Es liegt nicht in unserer Macht über unser Schicksal zu entscheiden....die Frage ist nur, was wir mit der Zeit anfangen die uns gegeben ist!!
Es ist nie selbstverständlich dass man wieder gesund nach Hirnverletzungen sein Leben weiter führen kann. Daher unterstütze ich gerne den Spirit von never give up den Daniel Albrecht ins Leben gerufen hat und mit Sivano Beltrametti weiter führt. Unterstütz doch bitte auch diese super Idee!!!!
Es war am Abend vom 03.01.2002 als ich während dem TV schauen meine rechte Körperseite immer weniger spürte. Ich kannte dieses Gefühl sehr gut von meiner ersten Hirnblutung 1999. Meiner Mutter gefiel das ganze ganz und gar nicht und meinte dass wir das am nächsten Tag unbedingt den Ärzten zeigen müssen, aber wir mal die Nacht abwarten wie es sich verhält.

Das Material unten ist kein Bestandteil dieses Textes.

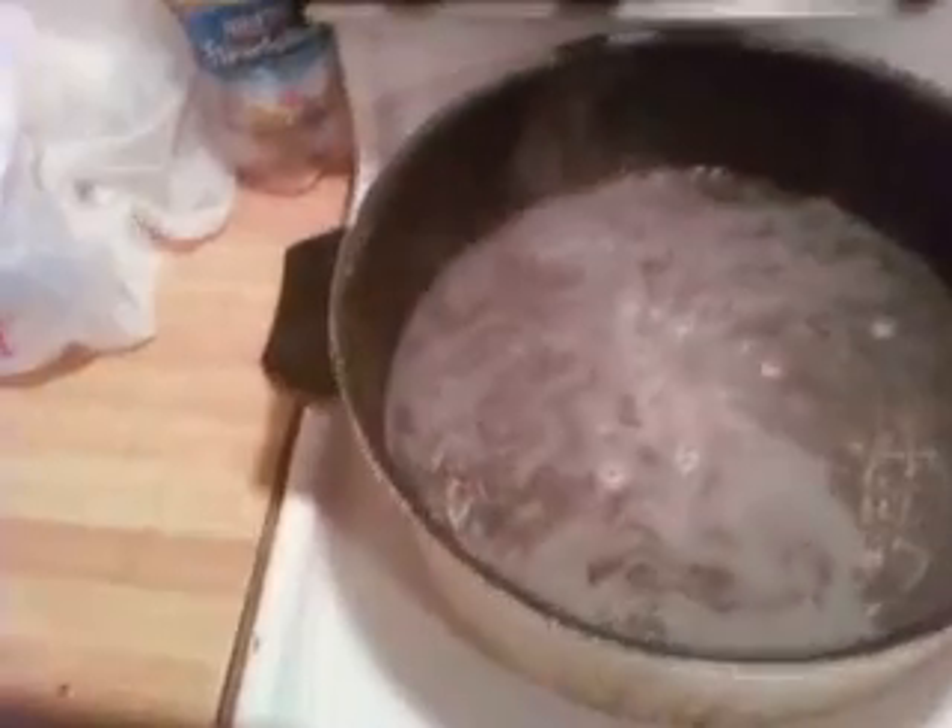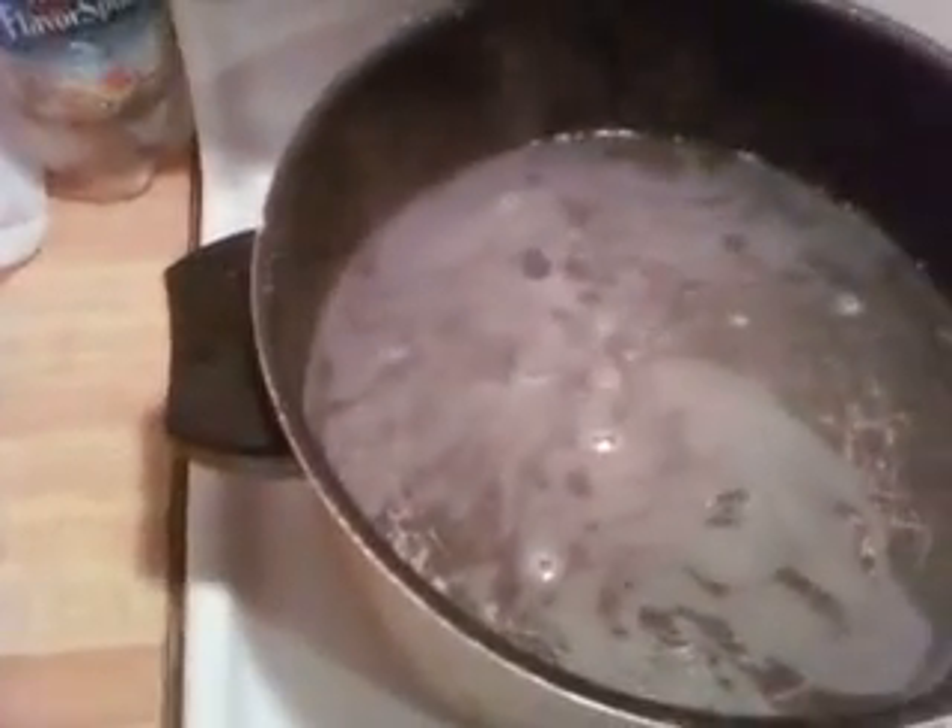Nice venison right there, looking real good. And over here, I got the water boiling. I want that to get real nice and hot. Take this, put it over there and add the seasoning.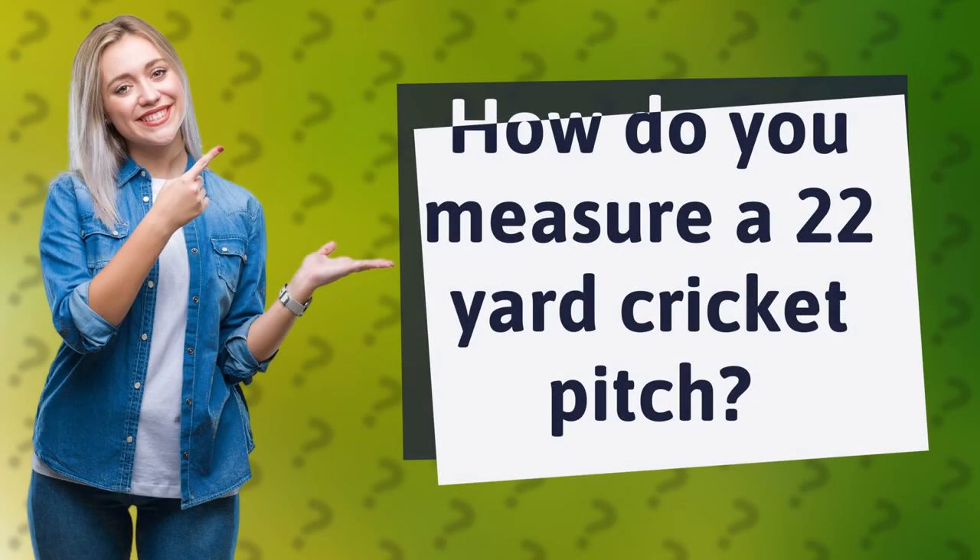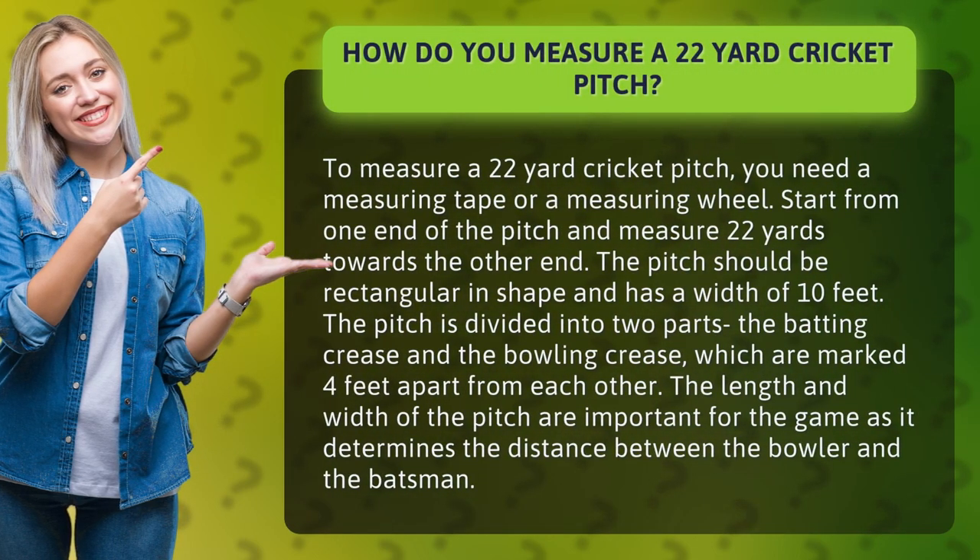How do you measure a 22-yard cricket pitch? To measure a 22-yard cricket pitch, you need a measuring tape or a measuring wheel. Start from one end of the pitch and measure 22 yards towards the other end.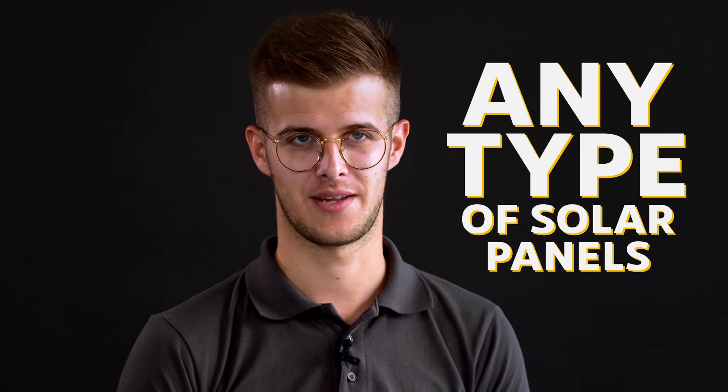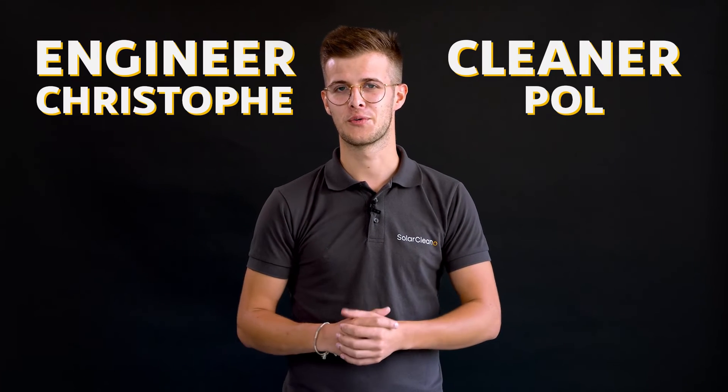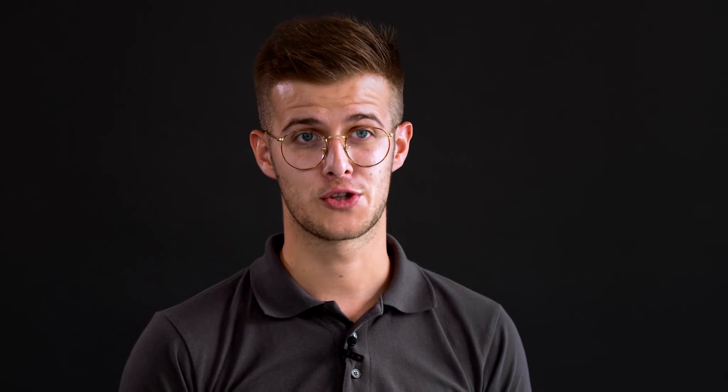We at Solar Cleaner decided to find a solution that will allow you to clean any type of solar panels. And the story is quite funny at some point. It's a story between two guys — a cleaner called Paul and an engineer called Christophe. And together, four years ago, they decided to combine their skills to create unique solutions: a solar cleaner robot.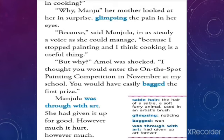The next morning Manju came into the kitchen and offered to help her mother cook. 'Because,' she said in as steady a voice as she could manage, 'I stopped painting, and I think cooking is a useful thing.' Amul was shocked: 'But I thought you would enter the on-the-spot painting competition in November at my school — you would have easily taken first prize!' Manju was through with art and had given it up for good, however much it hurt. Hearing this, both her mother and brother were shocked, and the dream of participating in the painting competition was gone. Deep in her heart, Manju was so hurt.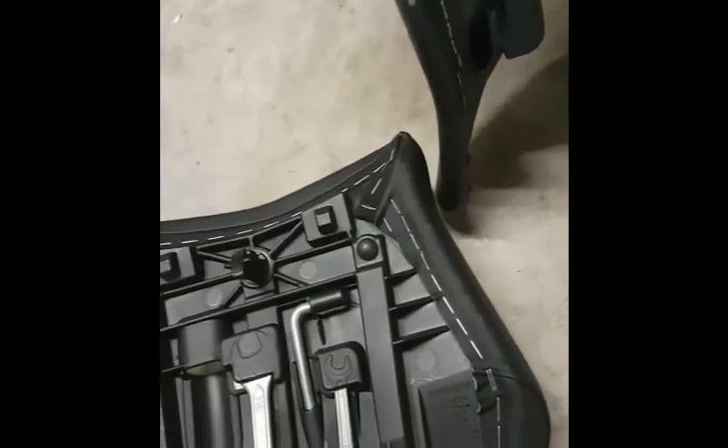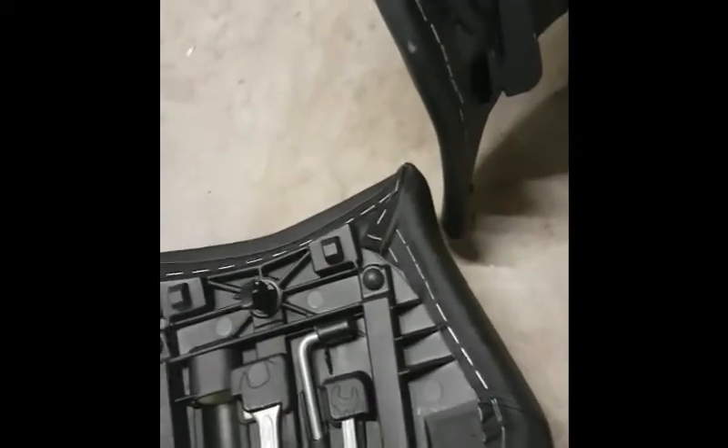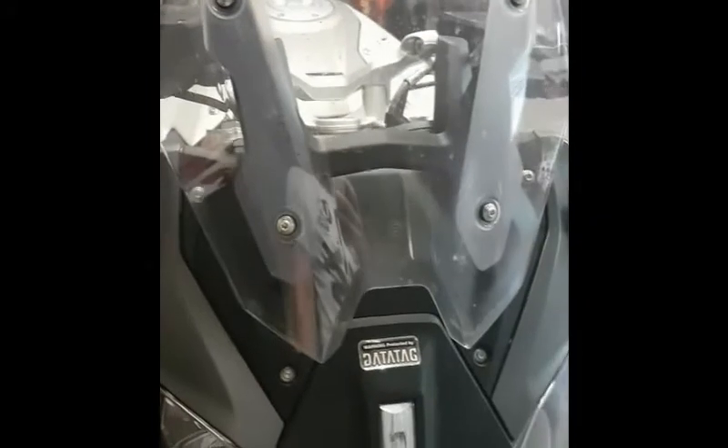It shouldn't take too long — five minutes should readjust the screen. So this is the screen. There are basically four positions on the screen, but only two when it's attached to the bike. Position one is right down, pulling it up puts it to position three. You cannot get to position two and position four with this mounted to the bike.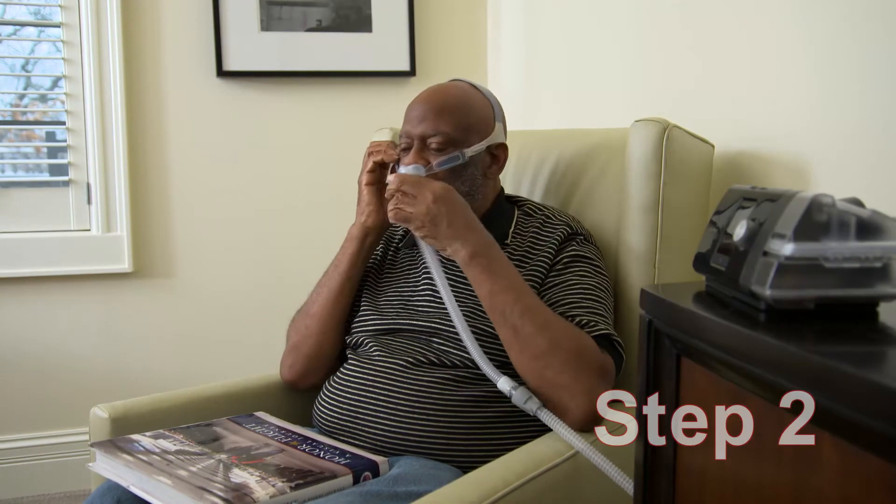Step 2. Wear your mask attached to the device with the airflow on. We recommend you practice during the day while doing something relaxing and enjoyable, such as reading, watching TV, or doing a relaxation exercise. Try not to focus on your breathing — the PAP and you will learn to work together, and it's easier if you're focused on something else. Do this for 20 to 30 minutes per day. We recommend daily practice for at least a week, or until you feel very comfortable with this step.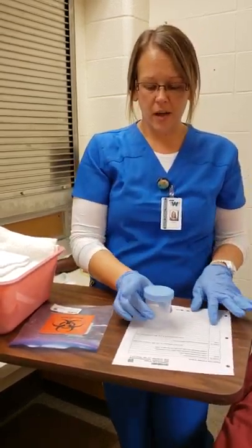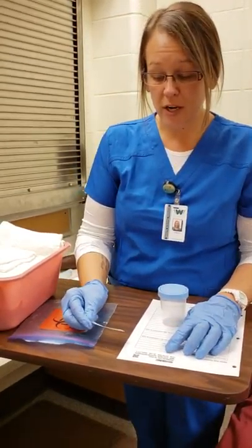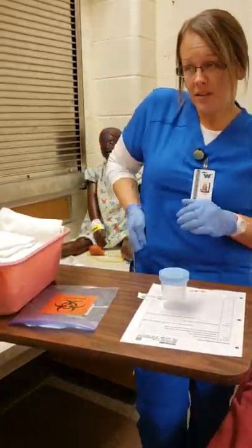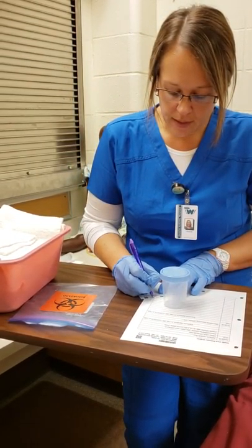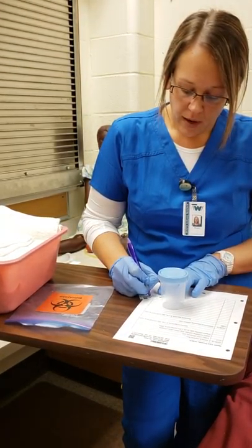In a perfect world, our patient would start the urine stream, then stop, place the cup to catch a midstream sample, stop the flow again, pull the cup out, and continue to urinate. She would then cover the cap and bring it out to me. At that point I would grab my gloves. I have the urine cup with a label — for my order I'm double-checking: Shirley Cole, 54-year-old female, date of birth 5-14-1964.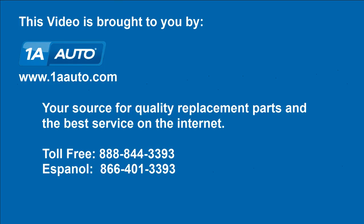We hope this helps you out. Brought to you by www.1AAuto.com, your source for quality replacement parts and the best service on the internet. Please feel free to call us toll free, 888-844-3393. We're the company that's here for you on the internet and in person.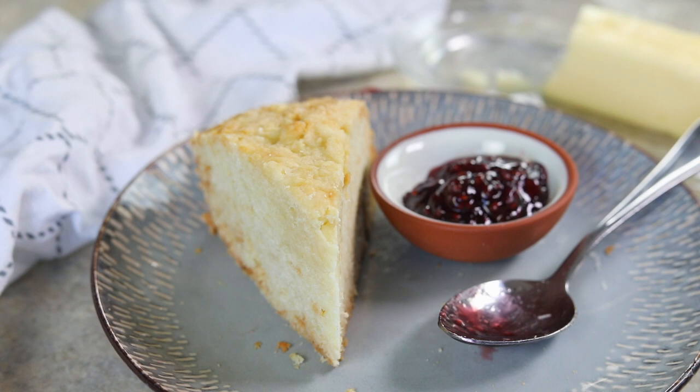Hey, hey everyone! Today we are taking a trip to the Bahamas and I'm going to be showing you how to make johnny cake, a really traditional breakfast or lunch recipe that's made in the Bahamas, so keep on watching and we're going to go through step by step exactly how you can make it at home.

Leider war der Zustand am nächsten Morgen noch nicht besser und ich musste das Training mit meinem damaligen Trainingspartner Michael Eigenstetter absagen.
Nach einem MRI im Kantonsspital und auf Rücksprache mit der Neurochirurgie im Uni Spital Zürich war der Entscheid sehr schnell gefällt dass ich unter diesen Umständen dieses Mal doch operieren muss, wovon das erste Mal noch abgesehen wurde.
Irgendwie realisierte ich noch nicht die Tragweite von dieser Diagnose. Ich verbrachte die ganze Nacht in der Intensiven, angehängt an hunderten von Kabeln etc. und als meine Freunde und Familie am nächsten Morgen am Bett standen noch Witze gemacht über diese ganze Sache, dass man auch den Alarm auslösen kann wenn man schnell atmet.
Kurz danach traten die Ärzte ins Zimmer und befreiten mich erstmals von den ganzen Kabeln. Sie erklärten mir dass bei einer zweiten Blutung definitiv operiert werden müsse. Mein einziger Gedanke dabei war.....wie lange darf ich nicht paddeln?
Die ernüchternde Antwort der Ärzte war 6-9 Monate. Das war für mich dermassen niederschmetternd dass ich nur noch heulend im Bett lag.
Am Abend rief ich meinen Trainer Christian Mähr an und sagte ihm er könne mich aus dem Team streichen und erklärte ihm meine Situation. Er motivierte mich dran zu bleiben und dass ich dies alles schaffen werde.
2 Stunden später stand er plötzlich in meinem Zimmer und ist von Schaffhausen extra zu mir in den Spital gefahren. Ganz klar einer der Momente die mir viel Kraft und Motivation gegeben hatte und die ich nie vergessen werde.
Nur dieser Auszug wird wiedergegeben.